What is the purpose of the Brain Bank?
Brains are one of the most difficult parts of bodies to study, because invasive examination of them can only be done after a person has died. This limits the research which can be done whilst people are alive and disease is progressing (or not, as the case may be), so the next best thing is to be able to study tissue after someone has died. The Parkinson’s UK Brain Bank aims to advance research into Parkinson’s, which is a progressive neurological condition.
The Parkinson’s UK Brain Bank is the only one in the world which focuses specifically on Parkinson’s. Based at Imperial College in London, it relies upon donated tissue in order to advance critical research.
What happens if I choose to donate my brain?
If you decide to donate your brain and have completed the required paperwork in advance, after your death, the Brain Bank will harvest your brain and spinal cord, providing you are still eligible. As with donating a body to medical science, there are some circumstances under which it’s not possible for your donation to be accepted.

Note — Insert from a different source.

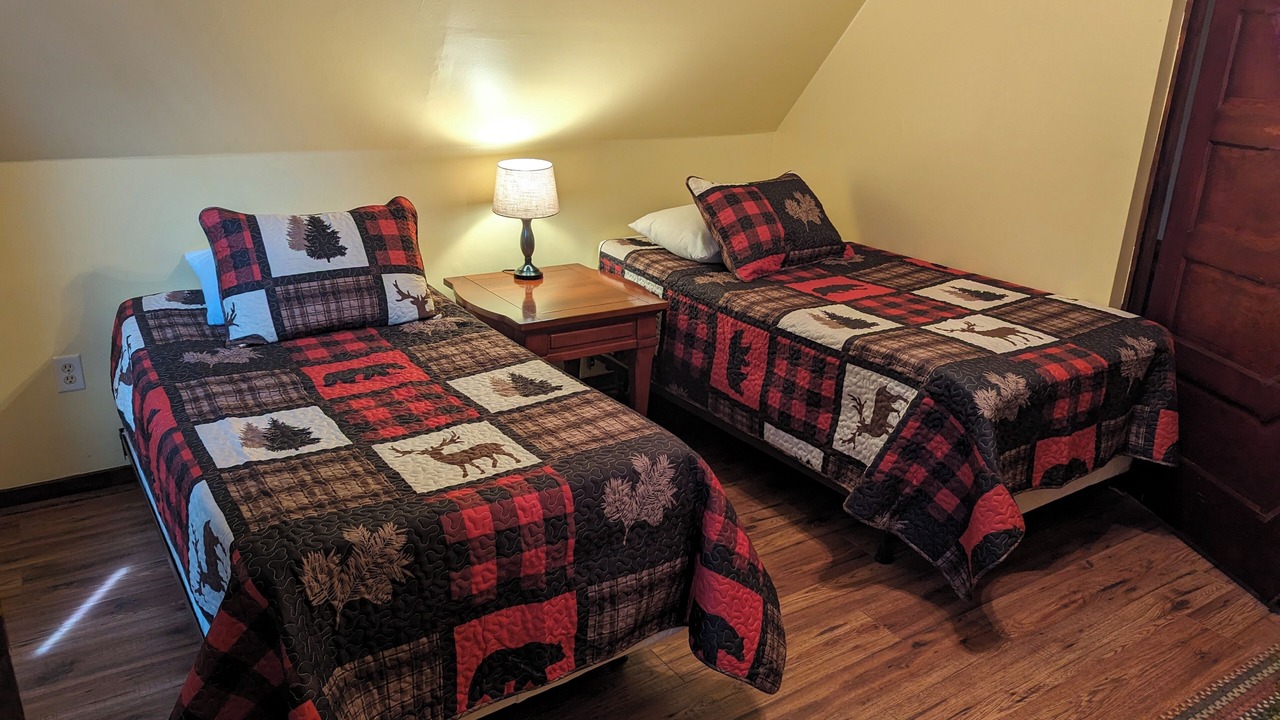 Photo of Others in Town of Webb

You can also still choose to donate other organs, and remain eligible for donation to the Brain Bank. The only donation scheme which isn’t compatible is donation of your full body, as bodies are required to be intact for this purpose. The Parkinson’s UK Brain Bank also accepts donations from those who haven’t received this kind of diagnosis – they refer to these brains as ‘control’ brains, so that they can compare brains which aren’t impacted with ones which are, in order to observe the differences and advance understanding of what happens when something has gone wrong.
When you die, the Brain Bank must be informed as soon as possible, and your body placed into appropriate storage – ideally within four hours of your death. There is therefore an implication here for funeral directors and those caring for you – a funeral director will need to be advised as soon as possible, and your loved ones will need to be prepared for you to be taken into their care. After your doctor has completed paperwork to confirm the cause of death, the Brain Bank representatives will be able to visit and collect the required tissues.

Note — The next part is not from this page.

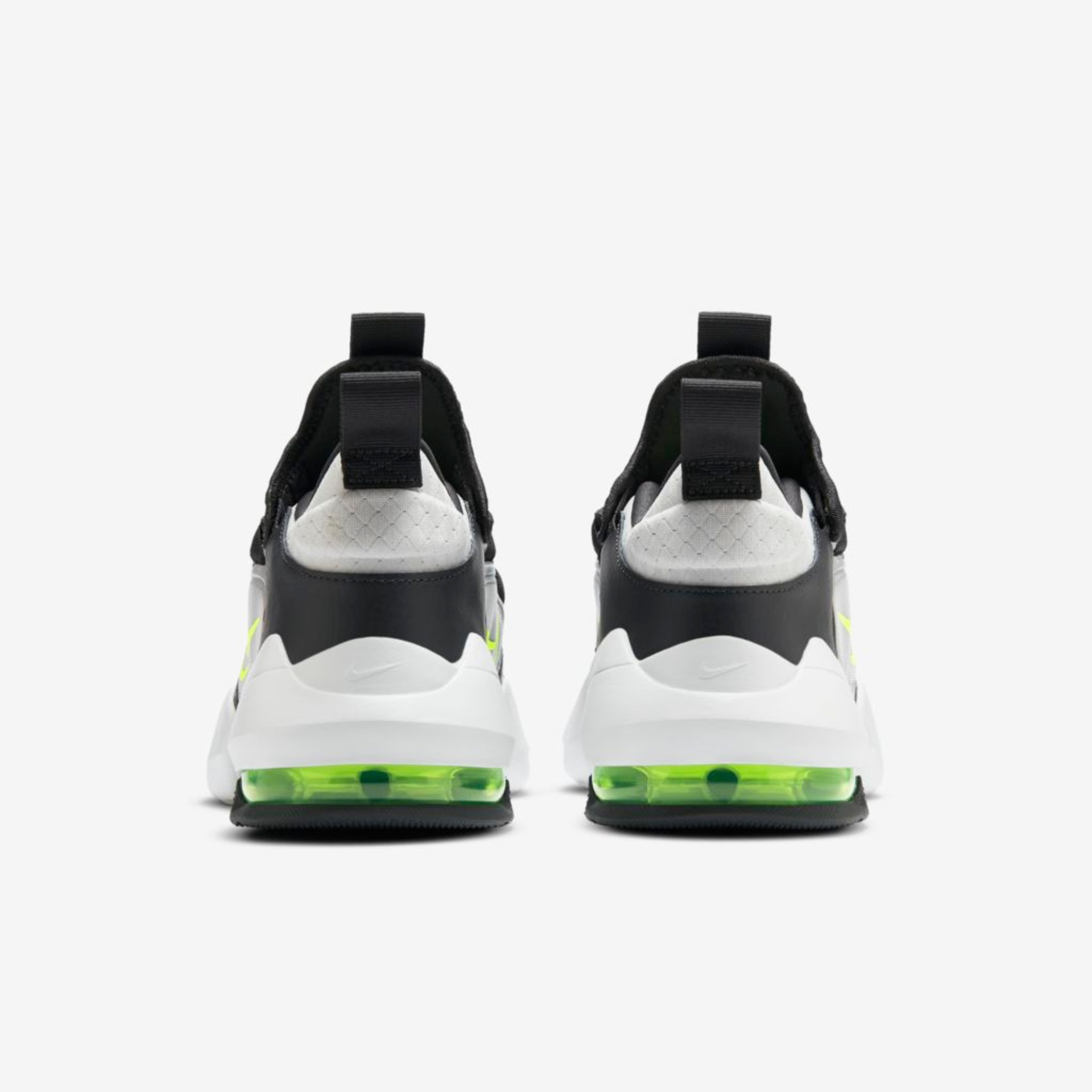 Tênis Nike Air Max Alpha Savage 2 Masculino - Foto 6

Will I be able to have a funeral after donating my brain?
For many people, a positive of donating their brain only will be that there is no delay to funeral arrangements being made. When bodies are donated to medical science, they are handed over for an extended period of time. Cremation is then arranged by the relevant medical school and cremated remains returned to the person’s next of kin. This process may take several years.
In the case of Brain Bank donation, the tissue will be collected quickly and sympathetically, allowing for a funeral to be arranged as usual in the weeks following your death. It should also be possible to arrange visits in the Chapel of Rest following brain donation. Our policy at Freeman Brothers is always to offer advice as to whether or not visiting will be appropriate, and we do our best to ensure that it will be, as we appreciate the importance of this service.
Currently, approximately 145,000 people in the UK are living with Parkinson’s, with two diagnoses made every hour. Schemes such as the Brain Bank, support vital research to improve the lives of those in this situation, and are well worth investigating if you are interested in helping.
Full information regarding donating to the Brain Bank can be found via Parkinson’s UK.